For millions of people in the world living along the ocean, the daily fluctuations of the oceans’ water level are important factors of life. Tides occur because of the gravitational attraction between the Earth, the Sun and the Moon. The Sun and Moon actually tug at the Earth’s oceans, causing a tidal bulge (the tidal influence of the Moon is about twice that of the Sun). Each coastal location experiences approximately two high tides and two low tides each day; when it is high tide at one coastal location, it is low tide along a different coast a quarter of the way around the Earth. Because tides occur due to the gravity of both the Sun and Moon, there are two different classifications of tides, which depend on the orientation of the Sun and Moon. A spring tide occurs when the Sun, Moon and Earth are all in a line (full or new moon), and causes the greatest tidal differences because the Sun and Moon act together to create one large tidal bulge. A neap tide, on the other hand, occurs near a quarter moon phase when the Sun and Moon are at right angles from each other, causing a smaller tidal bulge.
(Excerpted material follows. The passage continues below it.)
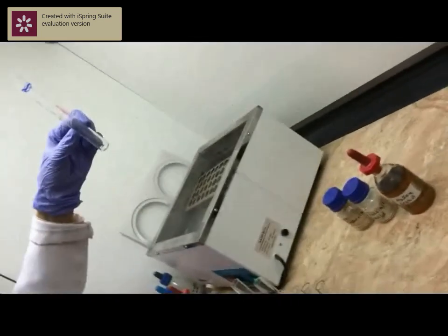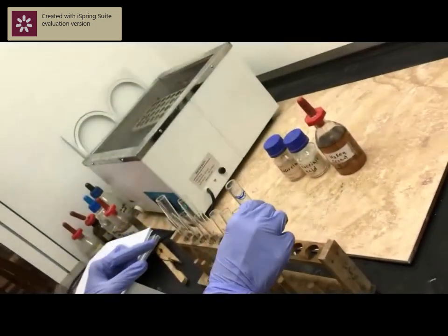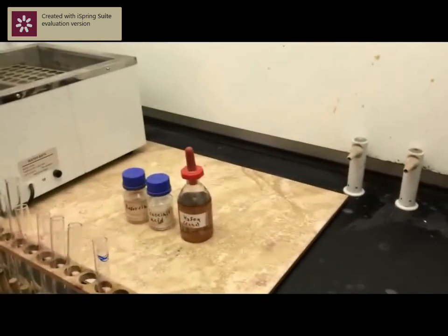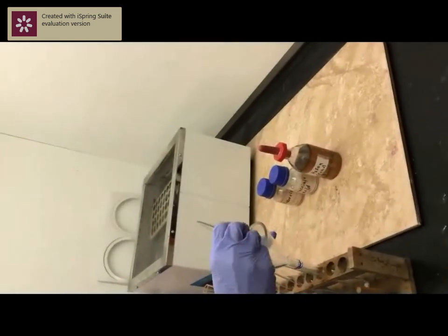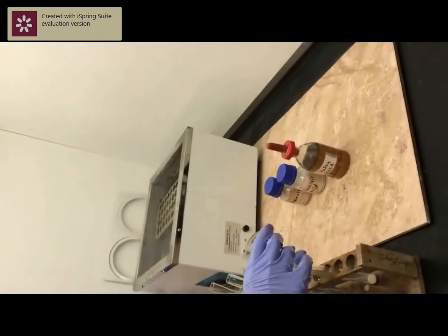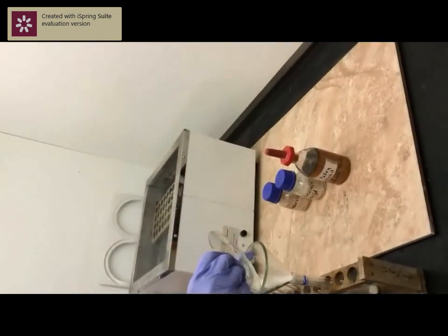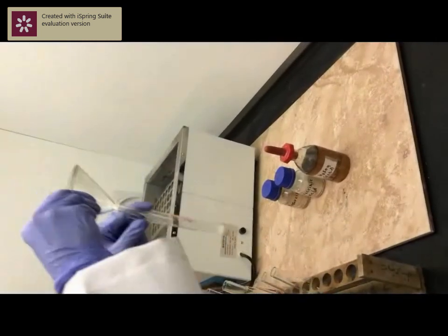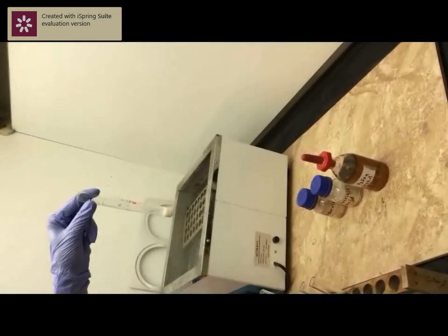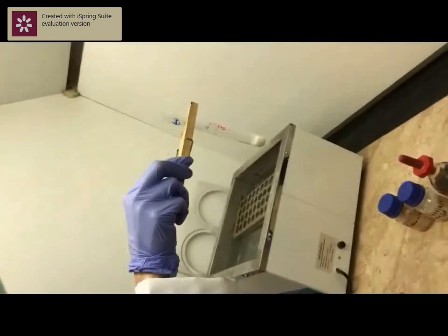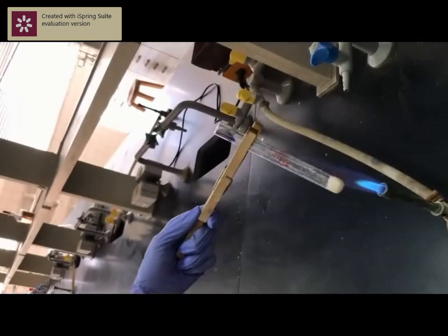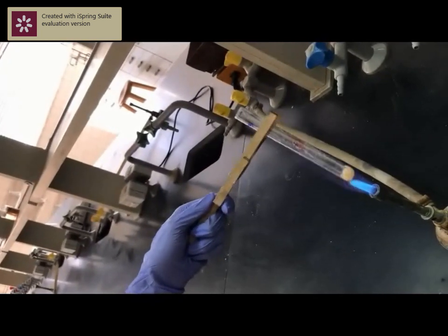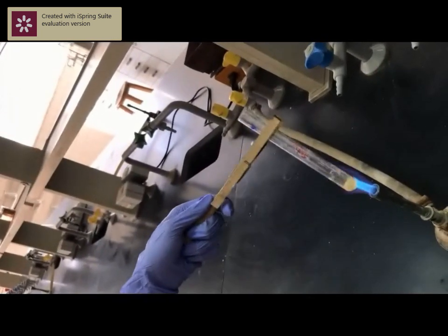Start with a totally dry test tube and add equal volumes of resorcinol and succinic acid, about 0.5 g from both of them. Now we will fuse them together using a flame, fusing resorcinol and succinic acid together until totally fused.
In addition to the effect of the orientation of the Sun and Moon, the distance to the Moon will also affect the tide levels. During perigee (when the Moon is nearest to the Earth), the gravitational pull of the Moon is about 40% greater than if it were at apogee. The world’s greatest tides occur right here in Canada, in the Bay of Fundy in Nova Scotia. The greatest variation occurs in Minas Basin, on the eastern extremity of the Bay of Fundy, where if the Moon is near perigee during a spring tide, the water level can be as much as 16 metres higher at high tide than at low tide. The location and shape of the shoreline combined with the depth of the water are the key reasons that the Bay of Fundy experiences such dramatic tidal variations.

Load Flash Applet
Tides and Tidal Interaction applet

9. Summary

Our home planet is unique in its ability to support life. The Earth’s surface is covered with water and the crust is constantly changing by plate tectonics. Our planet’s atmosphere is unique in its composition of nitrogen and oxygen; it is able to support life and causes dramatic weather patterns. The Earth and the Moon are close neighbours in space and the Moon is believed to be born of the Earth, but they appear as very different worlds. The Earth is full of life and is under constant change, while the Moon is a dark and barren world with little or no current activity.

The Moon’s surface is composed entirely of rock and dust, and lacks both an atmosphere and magnetic field. Even though the Moon is lifeless and unchanging, it nevertheless affects our lives on Earth. The Moon brightens our night sky with its regular progression through its phases and its sheer beauty has intrigued civilizations for thousands of years. The Moon is also the main cause of the tides we see along the ocean coastline, and many people travel the world seeking the opportunity to witness a solar eclipse. While the Earth and its moon seem to be greatly different and unrelated, our world would be a very different place without the Moon.